Reflecting on Clan Des Obeaux’s latest Haydock effort, Nicholls said: “I think it was one of his best runs, considering the ground. Obviously it suited Bristol De Mai, who loves that heavy ground. It was a shame it rained.
“Clan always does come on for a run, but I made sure he was ready for Haydock because we went there hoping we might win. If the ground had been different it may well have been a different result, but he ran well in the circumstances.
“I think three and a quarter miles, as it almost was, on that ground, is far enough for him on his stamina – the time of the race was well over seven minutes.
“Kempton obviously suits him a lot better and he’s well ready now.”
Having inflicted a first defeat over jumps on Altior at Ascot the previous month, Cyrname was all the rage for last year’s King George, but ultimately proved no match for Clan Des Obeaux.
But Nicholls expects the eight-year-old to make more of a race of it on Saturday, having had an extra three weeks to recover from a less bruising first run of the season at Wetherby.
“Cyrname has had the ideal preparation,” said the Ditcheat handler.
“I didn’t want to run him after winning the Charlie Hall as it gave us a good eight to 10 weeks to prepare him for Kempton, unlike last year, when he had a hard race at Ascot.
“He’s very well. He wasn’t right last year as he never really got over the Ascot race. He ran well in the King George to be second, but was nowhere near his best.
“He looks great now and is more relaxed in everything he does, which means he can get three miles.
“He’s got a good record at Kempton and doesn’t have to go tearing off in front like he used to – he’s a different animal now.”
Nicholls also saddles Frodon and Real Steel in a bid to add to his record haul of 11 King George wins.

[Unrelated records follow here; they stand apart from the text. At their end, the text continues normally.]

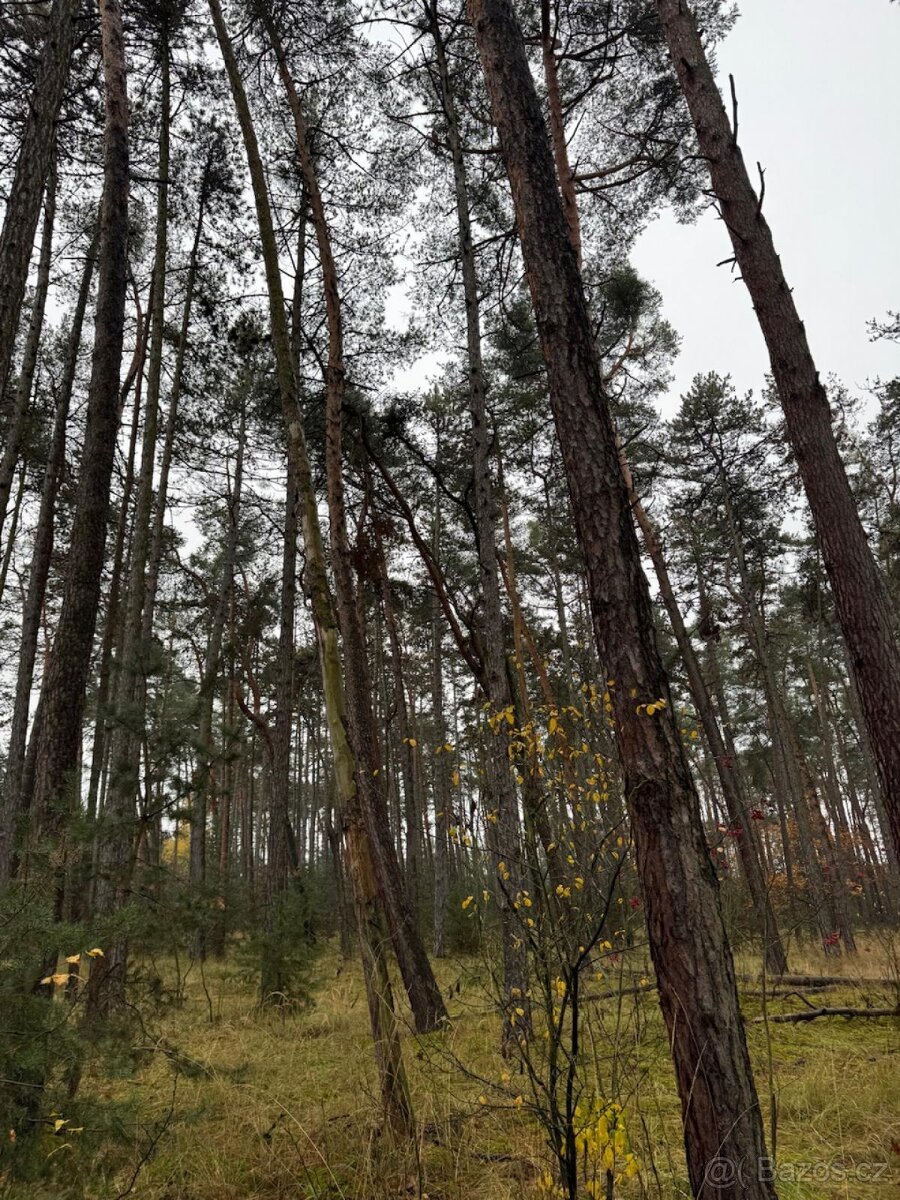 Prodej lesních pozemků k.ú. Poříčany
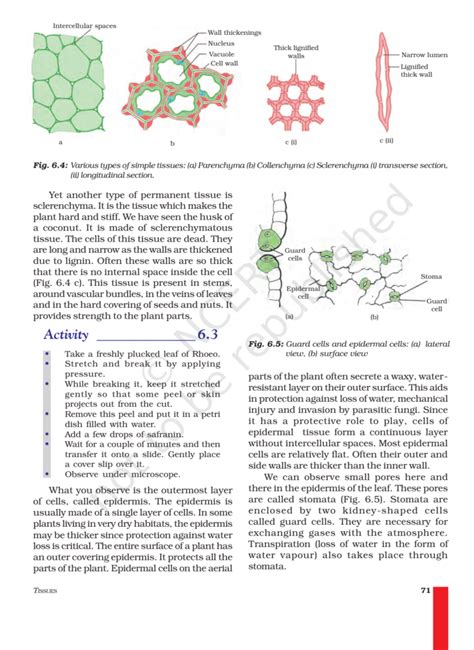 Image result for Class 9th Science Chapter Tissues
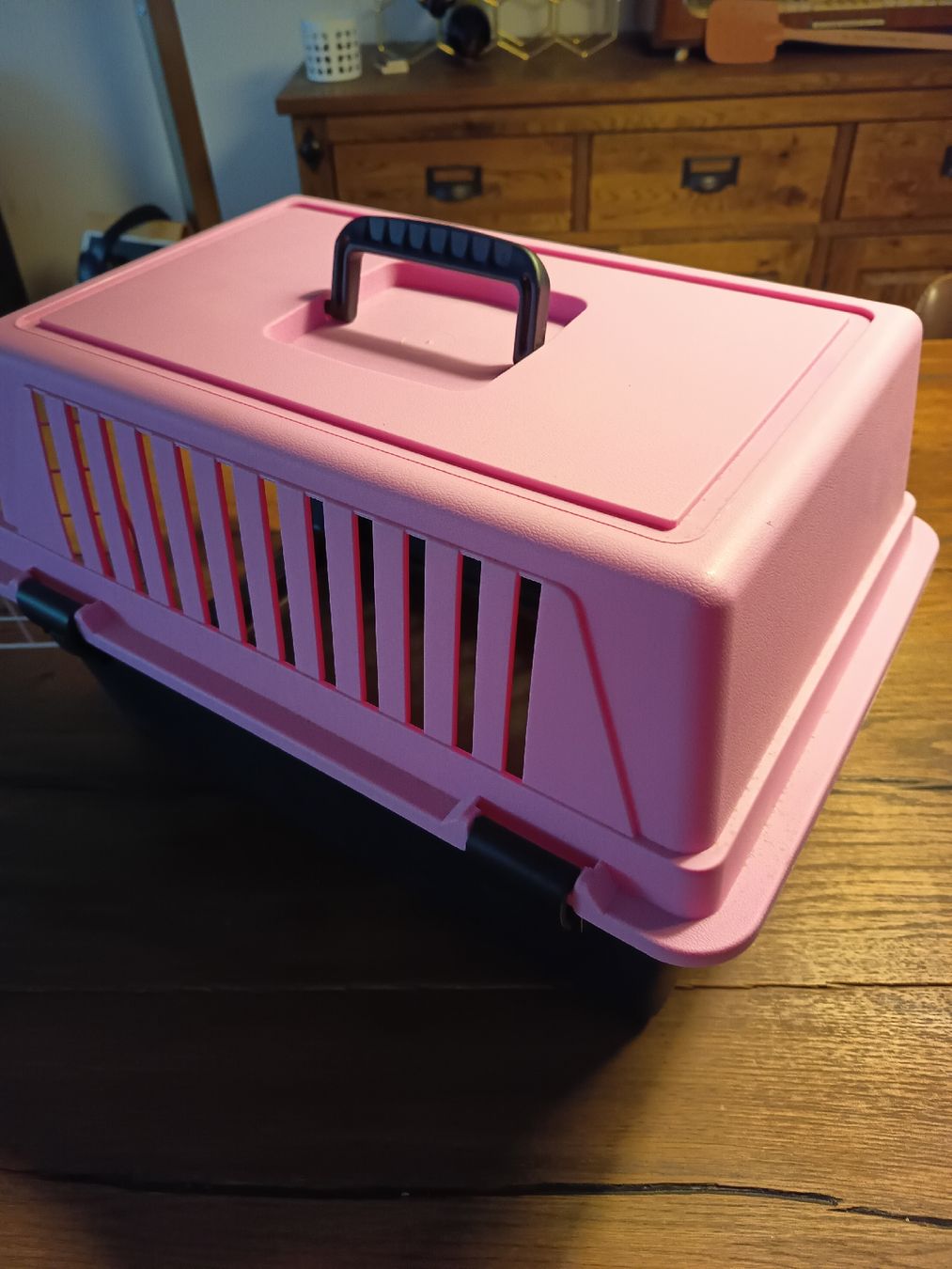 Gabbie, trasporto & Sicurezza: Katzen/Kleintier Transportbox  – Usato da Belp venduto da lamadefi12 3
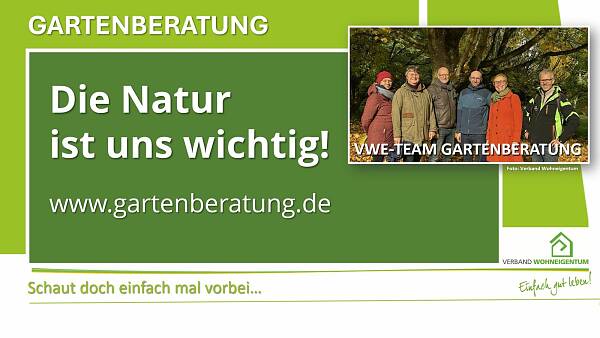 Themenbild: team Garten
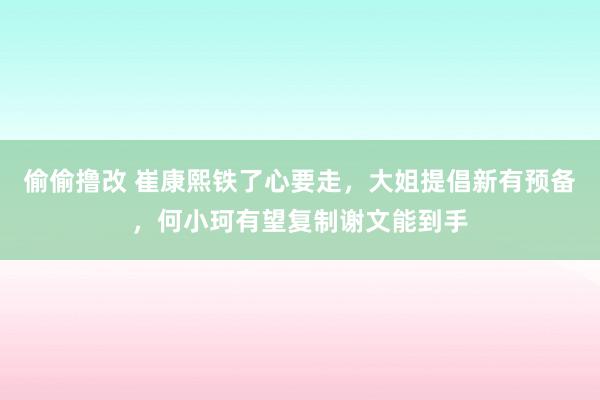 偷偷撸改 崔康熙铁了心要走，大姐提倡新有预备，何小珂有望复制谢文能到手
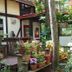屋外の景色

Frodon was last seen in the Many Clouds Chase at Aintree, while Real Steel was third in the 1965 Chase at Ascot on his first start for the yard, after finishing sixth in last season’s Cheltenham Gold Cup when trained by Willie Mullins.
Nicholls added: “It was a waste of time for Frodon at Aintree – it was like the last time he went there when they took all the fences out. It’s probably not the ideal track for him, he never got in a rhythm.
“He deserves to be in the line-up. He’s got a mountain to climb to beat the others, but he deserves to be there.
“I’ve only just been learning about Real Steel and he’s improved massively for his first run.”